MINSK dpa | Der Friedensplan des ukrainischen Präsidenten Petro Poroschenko hat bei den Gesprächen in Minsk über den Ukraine-Konflikt von allen Seiten Unterstützung gefunden. Die Vorbereitung einer Waffenruhe solle so schnell wie möglich beginnen, sagte Poroschenko am frühen Mittwochmorgen nach Verhandlungen mit Kremlchef Wladimir Putin in der weißrussischen Hauptstadt. Es war das erste Vier-Augen-Gespräch Putins und Poroschenkos seit Anfang Juni.
Putin drängte erneut auf eine Feuerpause zwischen ukrainischem Militär und prorussischen Separatisten. „Es gibt noch sehr viele offene Fragen zwischen uns. An einer Lösung sind wir, die Ukraine und unsere europäischen Partner interessiert“, sagte Putin in der Nacht zum Mittwoch. Eine Waffenruhe in der Konfliktregion könne Russland aber nicht beschließen. Ansprechpartner für Kiew seien die Aufständischen, Moskau könne Vertrauen schaffen.
Ungeachtet diplomatischer Friedensbemühungen haben sich Regierungseinheiten und Separatisten in der Ostukraine erneut heftige Gefechte geliefert. Bei Kämpfen um die Stadt Ilowaisk und die strategisch wichtige Anhöhe Saur-Mogila seien auf beiden Seiten zahlreiche Kämpfer getötet und verletzt worden, berichteten Medien in der krisengeschüttelten Ex-Sowjetrepublik am Mittwoch. Sowohl die Armee als auch die prorussischen Aufständischen sprachen von Gebietsgewinnen. Unabhängige Berichte gab es zunächst nicht.
Die Kontaktgruppe für die Ukraine-Krise soll dem weißrussischen Präsidenten und Gastgeber Alexander Lukaschenko zufolge nun regelmäßig in Minsk tagen. Das erste Treffen könnte schon an diesem Mittwoch stattfinden. Das Gremium ist ein Gesprächsforum zwischen der ukrainischen Regierung und den Aufständischen unter Vermittlung Russlands und der Organisation für Sicherheit und Zusammenarbeit in Europa (OSZE). Die Gruppe hatte sich schon mehrfach getroffen.
Beide Staatschefs vereinbarten am Dienstag weitere Gespräche, etwa über ihren massiven Gasstreit.

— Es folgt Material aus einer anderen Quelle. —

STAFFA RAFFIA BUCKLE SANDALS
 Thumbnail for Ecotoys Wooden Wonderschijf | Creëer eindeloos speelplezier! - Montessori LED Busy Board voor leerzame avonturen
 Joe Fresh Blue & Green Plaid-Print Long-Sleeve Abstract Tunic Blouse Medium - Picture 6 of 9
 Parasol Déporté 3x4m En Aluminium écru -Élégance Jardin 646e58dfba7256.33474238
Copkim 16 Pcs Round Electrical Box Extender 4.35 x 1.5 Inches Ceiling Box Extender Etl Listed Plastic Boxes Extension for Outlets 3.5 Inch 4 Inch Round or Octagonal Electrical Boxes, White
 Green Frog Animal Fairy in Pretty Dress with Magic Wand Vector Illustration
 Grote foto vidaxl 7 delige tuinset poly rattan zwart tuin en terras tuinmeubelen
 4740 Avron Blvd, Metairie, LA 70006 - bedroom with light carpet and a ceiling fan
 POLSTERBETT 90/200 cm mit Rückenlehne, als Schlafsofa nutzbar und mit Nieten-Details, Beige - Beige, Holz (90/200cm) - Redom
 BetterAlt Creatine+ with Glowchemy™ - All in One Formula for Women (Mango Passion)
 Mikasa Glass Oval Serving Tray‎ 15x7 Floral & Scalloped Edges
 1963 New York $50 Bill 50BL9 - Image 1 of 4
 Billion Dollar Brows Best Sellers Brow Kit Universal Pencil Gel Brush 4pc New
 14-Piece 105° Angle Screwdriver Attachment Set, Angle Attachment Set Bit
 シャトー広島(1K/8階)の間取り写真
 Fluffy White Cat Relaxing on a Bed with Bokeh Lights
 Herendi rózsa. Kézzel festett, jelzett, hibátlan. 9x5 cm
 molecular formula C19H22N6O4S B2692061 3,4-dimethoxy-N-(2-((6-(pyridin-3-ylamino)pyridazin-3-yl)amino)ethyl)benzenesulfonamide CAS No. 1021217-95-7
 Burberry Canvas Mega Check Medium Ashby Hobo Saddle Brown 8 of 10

Russische Fallschirmjäger entdeckt
Poroschenko zufolge planen die Ukraine und Russland Beratungen von Grenzschutz und Generalstab zur Beruhigung der Lage in der Ostukraine. Putin habe deutlich gemacht, dass er Poroschenkos Friedensplan unterstütze, sagte der ukrainische Staatschef.
Zu Beginn gaben sich Putin und Poroschenko vor Kameras öffentlich die Hand. „In Minsk entscheidet sich das Schicksal der Welt und Europas“, sagte Poroschenko. Es war ihr erstes Treffen seit fast drei Monaten. Das Vier-Augen-Gespräch dauerte etwa zwei Stunden.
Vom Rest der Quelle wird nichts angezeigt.